Timofiy Bilohradsky (Тимофій Білоградський), also given as Belogradsky, or Pelogradsky (c. 1710 – c. 1782) was a lutenist, composer and kobzar-bandurist of Ukrainian ethnicity. He was active in St. Petersburg and Königsberg.

==Life==
Little is known about Bilohradsky's childhood. He is thought to have been born in or near the city of Cherkasy (now in Ukraine) and that he learned to play the kobza and the lute at the Hlukhiv Music Academy. He is said to have had an excellent singing voice and great musical aptitude. In 1725 he was invited to St Petersburg to sing in the Imperial Church Capella. In 1733 Tsarina Anna sent Bilohradsky to Dresden in the retinue of the ambassador, Hermann Karl von Keyserling. In Dresden, Bilohradsky was able to perfect his lute playing under the tutelage of Silvius Leopold Weiss - the most important lutenist-composer of the 18th century. He also studied voice with Faustina Bordoni-Hasse, and castrato Domenico Annibali. Bilohradsky became one of the highest trained musicians in the Russian Court Capella.

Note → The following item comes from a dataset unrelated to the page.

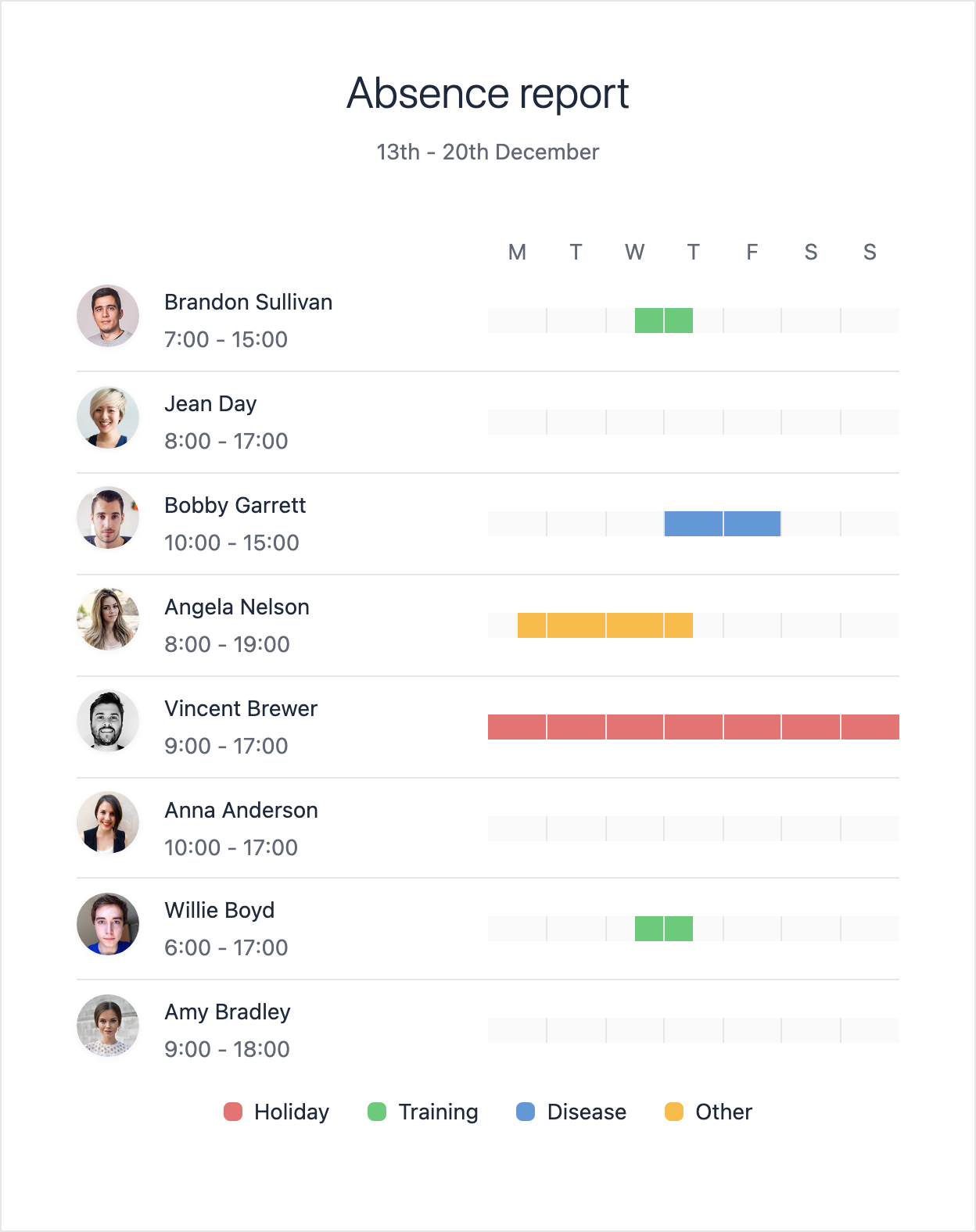 Email template about absence to employees at work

In 1739, Bilohradsky returned to St Petersburg, where he continued to work as a court musician. In 1741 he returned to Germany where he became known as a virtuoso lutenist and singer and for some time lived in Königsberg where he had a number of students - notably Johann Reichardt (father of Johann Friedrich Reichardt), and Johann Georg Hamann, the Sturm-und-Drang philosopher.

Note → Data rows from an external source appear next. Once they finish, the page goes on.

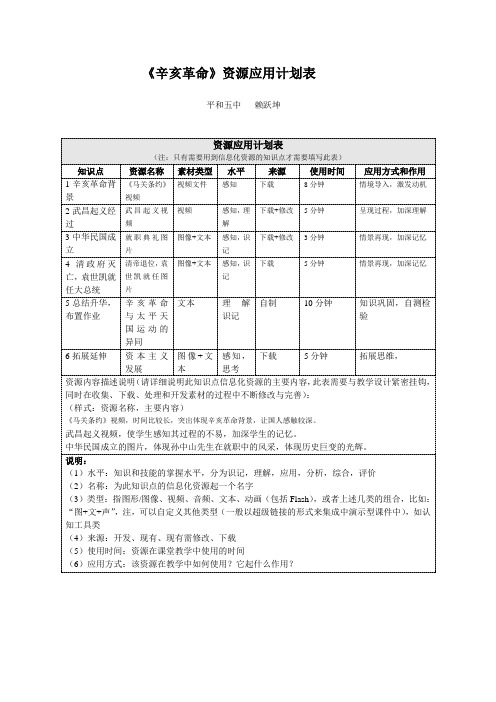 《辛亥革命》资源应用计划表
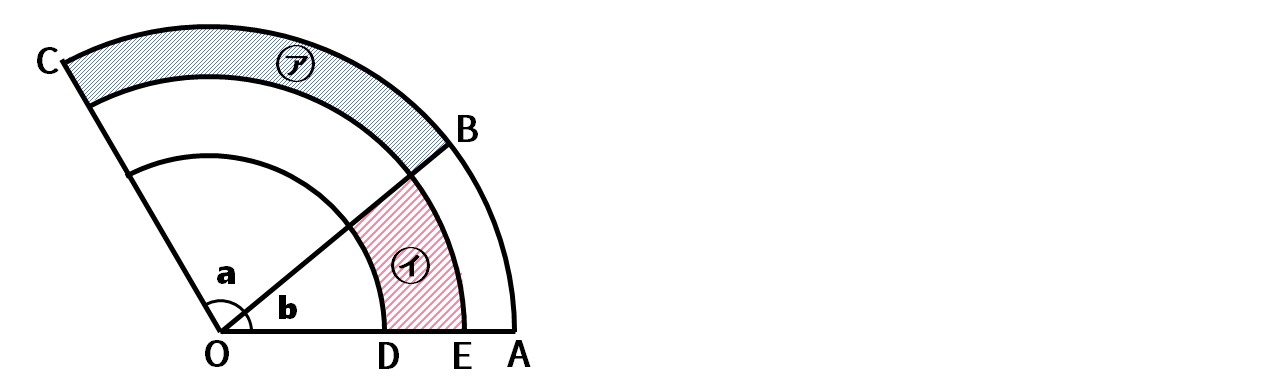 中心角が異なるおうぎ形の面積比の問題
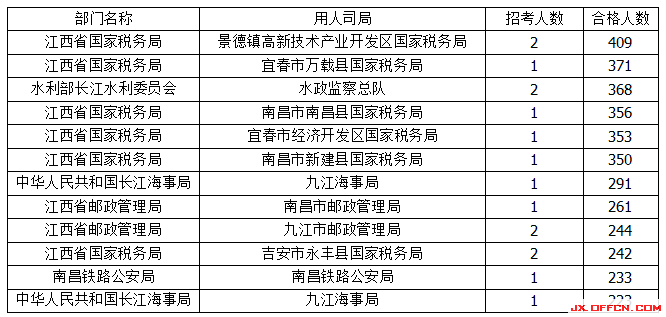 2015年國(guó)考報(bào)名江西報(bào)名人數(shù) 2015年國(guó)考報(bào)名江西報(bào)名人數(shù)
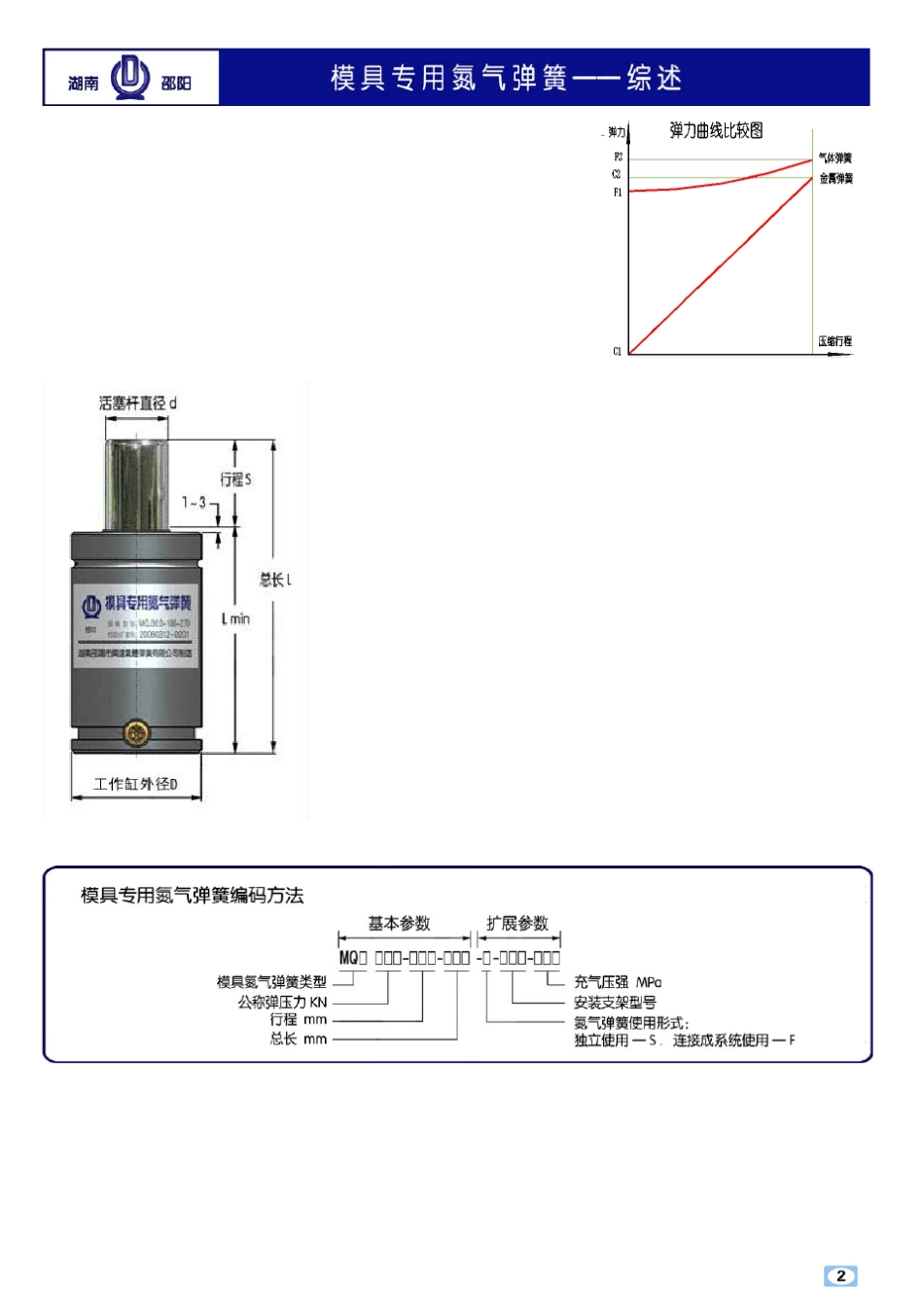 氮气弹簧资料_第2页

In his last years he lived in Petersburg. The "Moscow Weiss Manuscript" is ascribed to Bilohradsky or his circle. As a composer Bilohradsky is known for a set of songs and romances to the texts by Sumarokov that enjoyed considerable popularity in the 18th century.

His niece, Yelizaveta Belogradskaya, became famous as a first Russian opera-singer, she sang at the Imperial St. Petersburg opera and was also known as a composer.